Mon, 27 Sep 2021

US Senate Considers Massive Infrastructure Measure

Voice of America
02 Aug 2021, 16:05 GMT+10

WASHINGTON - U.S. senators have introduced a $1 trillion bipartisan infrastructure spending package to fix the country's deteriorating roads and bridges and to expand broadband service nationwide.

It came in a rare Sunday session, and lawmakers will now have the opportunity to offer amendments to the 2,700-page bill.

The proposal emerged from weeks of negotiations involving Democratic and Republican senators, as well as the White House. It includes $550 million in new spending along with $450 billion in previously approved funds.

Included in the package are $110 billion for roads and bridges, $39 billion for public transit and $66 billion for rail. Fifty-five billion dollars is allocated for drinking water and wastewater infrastructure as well as billions for airports, ports, broadband internet and electric vehicle charging stations.

"Given how bipartisan the bill is, and how much work has already been put in to get the details right, I believe the Senate can quickly process relevant amendments and pass this bill in a matter of days," Senate Majority Leader Chuck Schumer said on the Senate floor Sunday.

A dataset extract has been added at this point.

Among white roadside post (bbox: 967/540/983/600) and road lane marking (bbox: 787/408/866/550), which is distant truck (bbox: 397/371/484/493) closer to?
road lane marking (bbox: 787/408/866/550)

Republican Senator Rob Portman, one of the negotiators of the package, said it will be "great for the American people."

"This is a really important bill because it takes our big, aging and outdated infrastructure in this country and modernizes it. That's good for everybody," Portman said.

Sen. Rob Portman, R-Ohio, talks to reporters as he takes a Senate subway train on Capitol Hill in Washington, Friday, July 30,... Sen. Rob Portman, R-Ohio, talks to reporters as he takes a Senate subway train on Capitol Hill in Washington, July 30, 2021.

The bill is something of a rarity in Washington - a potential bipartisan deal in a fractious political environment where Republicans and Democrats remain divided on a host of other issues.

The measure has already cleared preliminary procedural votes with unified Democratic support and more than 15 Republicans in favor in the evenly divided 100-member Senate.

If the Senate does give its approval, the measure would then go the House of Representatives, where some progressive lawmakers have complained that the infrastructure package is not big enough.

The package is one of President Joe Biden's biggest legislative priorities. It represents an attempt six months into his presidency to prove to voters that the White House and Congress can reach bipartisan agreement on some issues.

Brian Deese, the director of Biden's National Economic Council, told the "Fox News Sunday" show, that the new infrastructure spending amounted to "badly needed investments in our country."

The White House is predicting that the spending could annually add two million new jobs, mostly in the construction sector, for the next decade.